Again, I will leave the defense of Gordon to Gordon.  From this quote, the key open question is “measure” of what?  Tamny answers:

Rather than viewing money as a concept, meaning a measuring rod of value meant to foster the exchange of actual value…

There can be no such thing as “a measuring rod of value” if value is subjective.  Last time I checked, I think it still is.

Friday, October 17, 2014

For Every Question the Answer is War



Forgive a somewhat rambling post – several recent and not-so-recent events have prompted my thoughts here….

When I started this blog, I didn’t really have it in mind that I would write much about history – and that much of that history would focus on war.  Also when I started this blog, while I felt empathy with those who are victims in war – the non-combatants foremost – my further writing and reflection has brought this empathy into sharp focus.

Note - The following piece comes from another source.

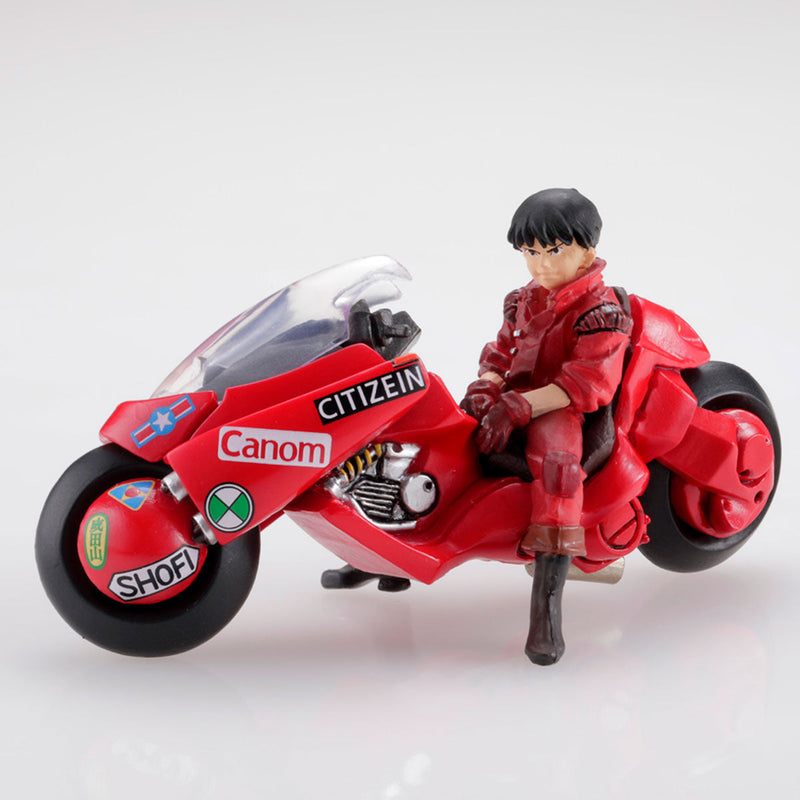 Kaiyodo miniQ AKIRA PART.3 Akira 6Pack BOX Figura OFICIAL DE JAPÓN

I think the first revisionist war topic that I wrote about with some substance was the myth behind Pearl Harbor – in some ways a subject no longer controversial to even the professional supporters of FDR, although still a narrative than might result in a fist fight if questioned in the wrong crowd. Since then, the list of my work on this topic has grown rather long.

After several posts on the revisionist view of war history, I began to understand one reason I was drawn to this topic: war and the military is a god to many in the West, certainly in the United States.  It is supported by myths (the Japanese attacked Pearl Harbor as a complete surprise, the bombs ended the war, the US brings democracy to the world, Germany started every war, blah, blah, blah); these myths deserve to die. 

In my own small way, I felt I could contribute to destroying these myths – I am satisfied if I feel I might have reached even one person with a post on this topic.

After some time, I began to put together something else: for a libertarian, war is THE issue.  Now, I don’t mean to suggest that to be a libertarian this must be so; I am suggesting that in war, every violation of freedom is to be found – whether on the (so-called) winning side or losing side.  Absent war, life for all would be much freer.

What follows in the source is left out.